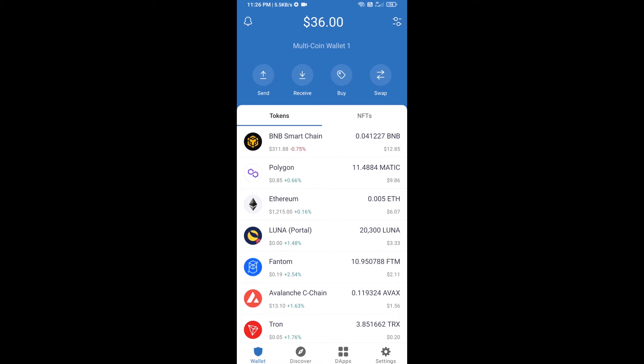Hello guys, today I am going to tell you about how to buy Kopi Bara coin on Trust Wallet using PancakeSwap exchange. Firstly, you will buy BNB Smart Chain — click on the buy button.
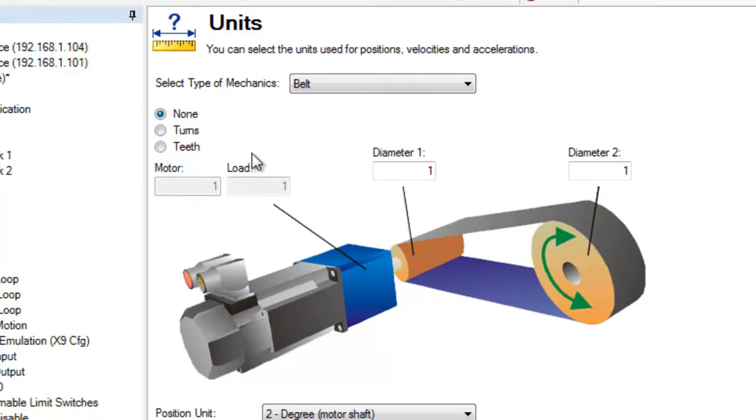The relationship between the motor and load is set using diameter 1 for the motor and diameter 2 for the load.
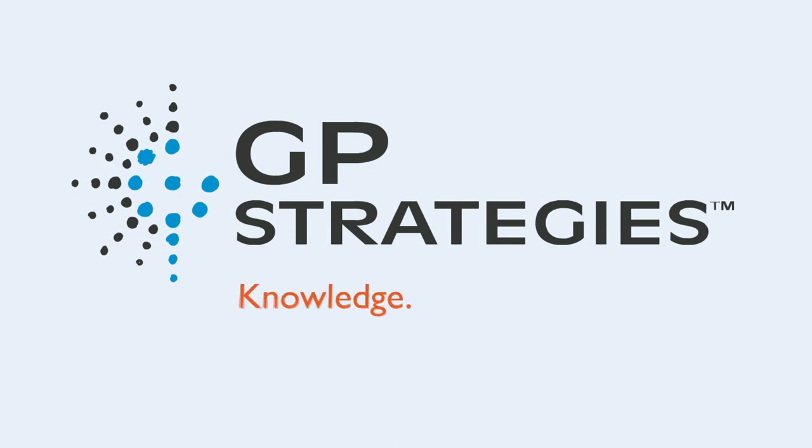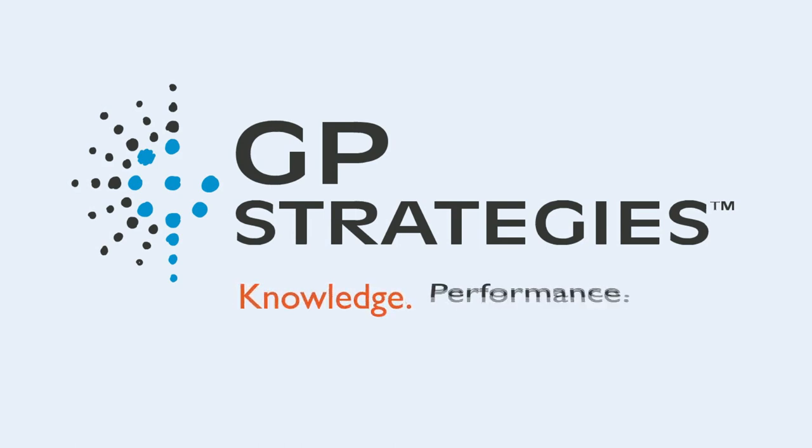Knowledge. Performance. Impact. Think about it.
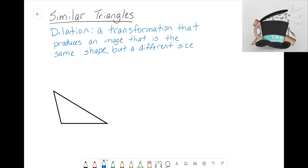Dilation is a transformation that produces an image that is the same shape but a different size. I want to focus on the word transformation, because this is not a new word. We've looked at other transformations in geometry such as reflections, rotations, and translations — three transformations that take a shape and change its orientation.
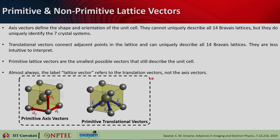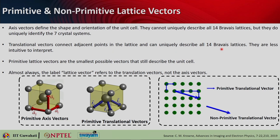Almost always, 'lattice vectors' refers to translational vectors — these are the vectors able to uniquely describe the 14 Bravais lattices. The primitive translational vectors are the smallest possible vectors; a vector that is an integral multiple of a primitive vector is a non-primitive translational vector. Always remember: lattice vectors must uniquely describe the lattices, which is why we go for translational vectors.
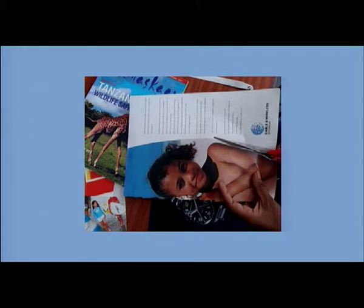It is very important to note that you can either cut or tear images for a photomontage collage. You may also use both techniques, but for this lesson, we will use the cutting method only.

===

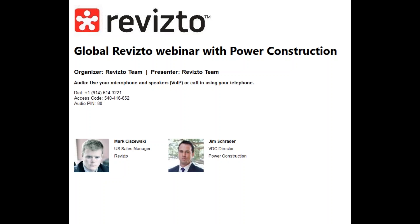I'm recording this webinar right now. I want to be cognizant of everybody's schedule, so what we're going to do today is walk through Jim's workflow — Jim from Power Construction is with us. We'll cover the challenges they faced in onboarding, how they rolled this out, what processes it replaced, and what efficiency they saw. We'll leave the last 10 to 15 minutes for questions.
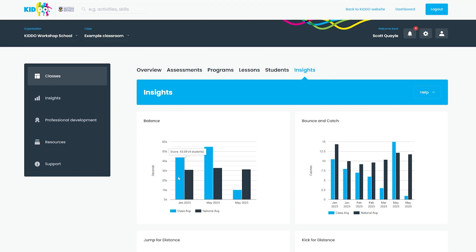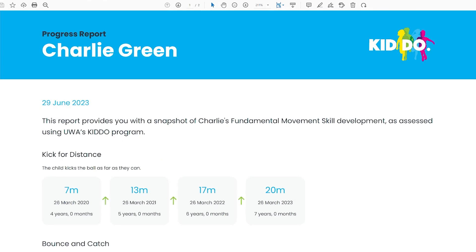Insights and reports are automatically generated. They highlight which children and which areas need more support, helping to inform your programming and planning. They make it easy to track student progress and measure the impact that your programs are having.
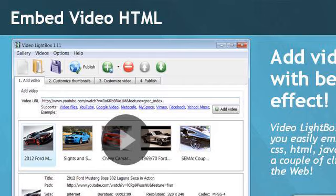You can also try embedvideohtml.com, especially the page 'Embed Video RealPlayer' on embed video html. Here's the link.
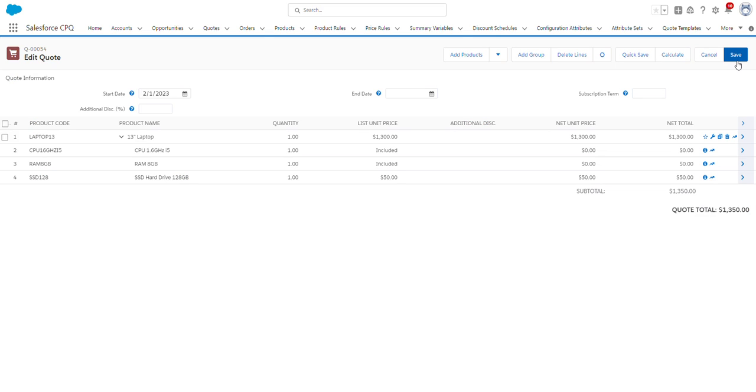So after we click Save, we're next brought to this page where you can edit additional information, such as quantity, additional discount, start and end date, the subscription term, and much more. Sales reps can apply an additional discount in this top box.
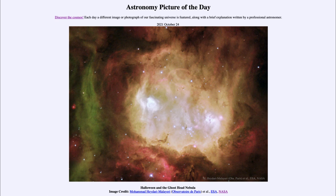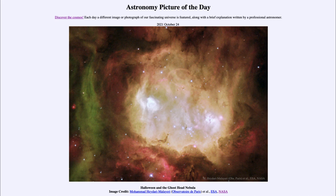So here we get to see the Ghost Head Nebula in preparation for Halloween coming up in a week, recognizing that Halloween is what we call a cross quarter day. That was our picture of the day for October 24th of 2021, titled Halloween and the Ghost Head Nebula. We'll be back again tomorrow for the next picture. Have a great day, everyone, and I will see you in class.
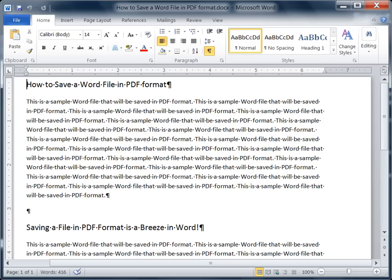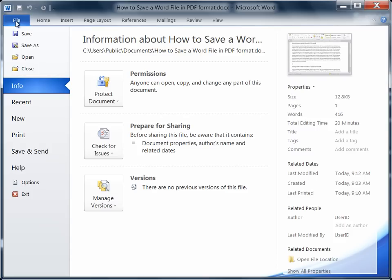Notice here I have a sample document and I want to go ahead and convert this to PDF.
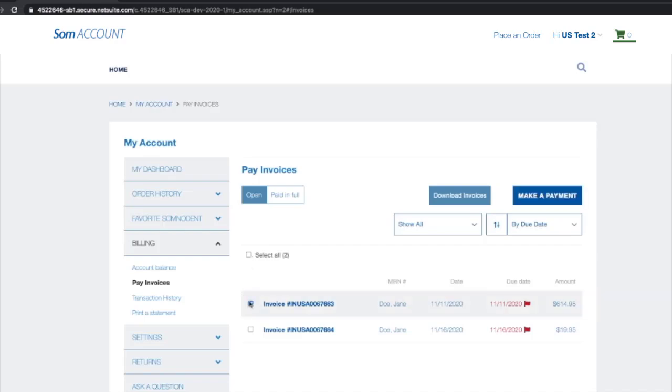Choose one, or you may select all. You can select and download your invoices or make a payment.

===

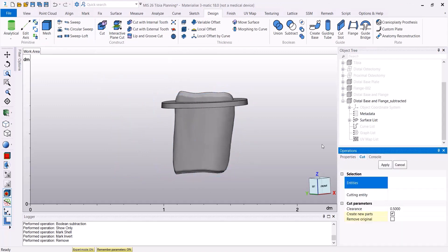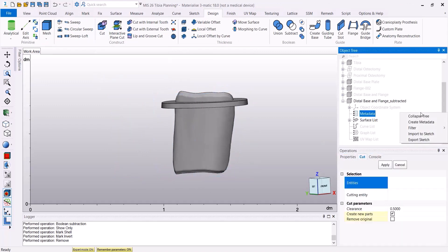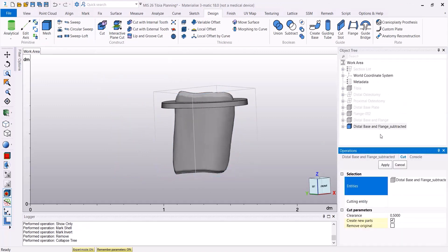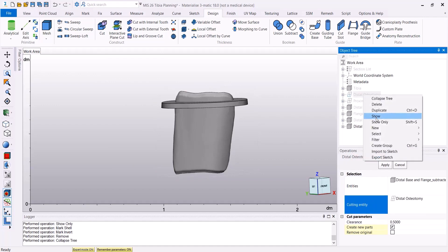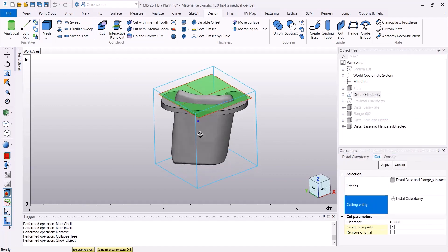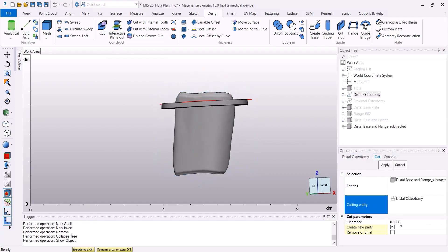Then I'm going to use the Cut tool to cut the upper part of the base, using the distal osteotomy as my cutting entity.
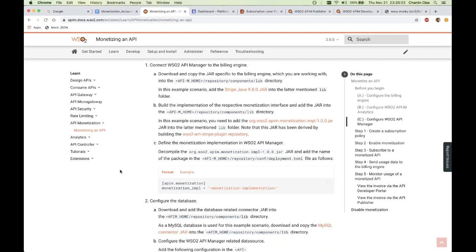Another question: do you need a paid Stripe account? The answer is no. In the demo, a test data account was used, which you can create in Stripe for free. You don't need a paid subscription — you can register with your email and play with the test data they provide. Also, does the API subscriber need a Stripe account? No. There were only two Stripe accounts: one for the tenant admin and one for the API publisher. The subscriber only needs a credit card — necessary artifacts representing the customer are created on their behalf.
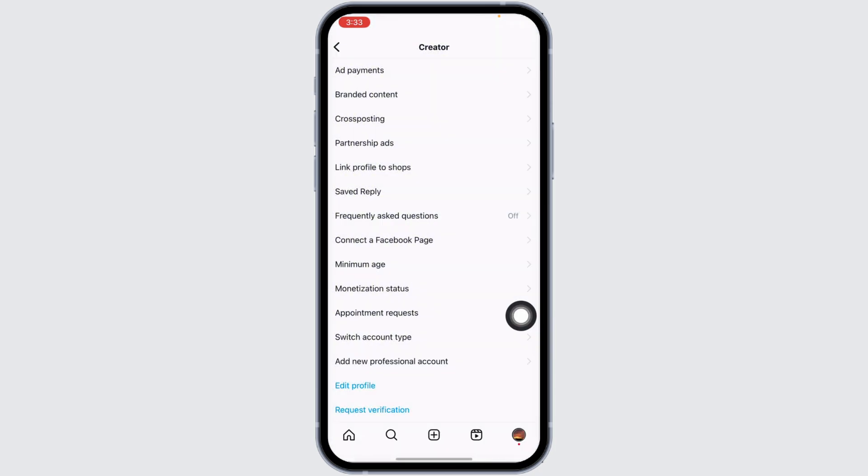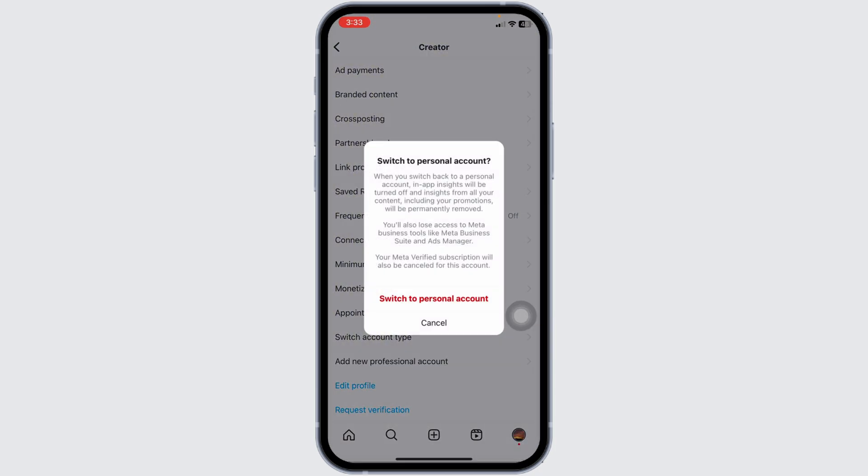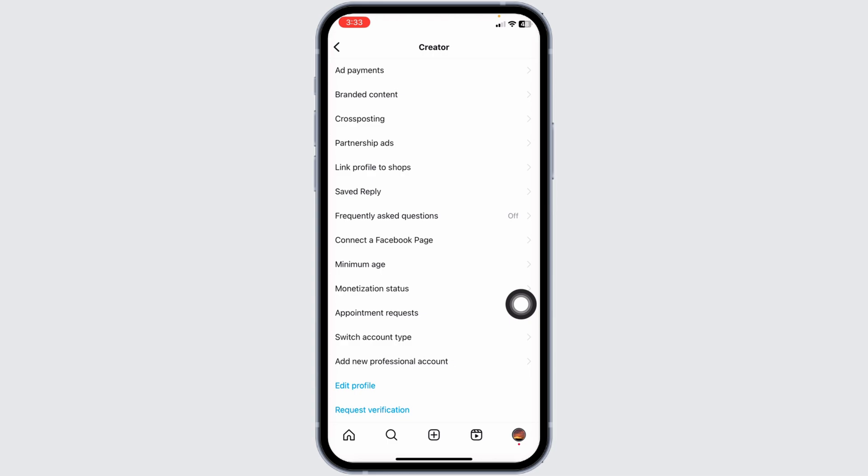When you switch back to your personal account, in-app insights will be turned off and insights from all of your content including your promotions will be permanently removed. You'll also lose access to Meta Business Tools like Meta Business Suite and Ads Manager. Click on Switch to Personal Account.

===

Problem requirements:
Beginning at the line above that contains "Hello guys, today" and going on through the line that contains "It is very important", please copy every line exactly, leaving the pictures out and adding nothing.

Result below:
Hello guys, today I am going to tell you about how to buy Kopi Bara coin on Trust Wallet using PancakeSwap exchange. Firstly, you will buy BNB Smart Chain — click on the buy button.
The relationship between the motor and load is set using diameter 1 for the motor and diameter 2 for the load.
Knowledge. Performance. Impact. Think about it.
Dilation is a transformation that produces an image that is the same shape but a different size. I want to focus on the word transformation, because this is not a new word. We've looked at other transformations in geometry such as reflections, rotations, and translations — three transformations that take a shape and change its orientation.
Almost always, 'lattice vectors' refers to translational vectors — these are the vectors able to uniquely describe the 14 Bravais lattices. The primitive translational vectors are the smallest possible vectors; a vector that is an integral multiple of a primitive vector is a non-primitive translational vector. Always remember: lattice vectors must uniquely describe the lattices, which is why we go for translational vectors.
It is very important to note that you can either cut or tear images for a photomontage collage. You may also use both techniques, but for this lesson, we will use the cutting method only.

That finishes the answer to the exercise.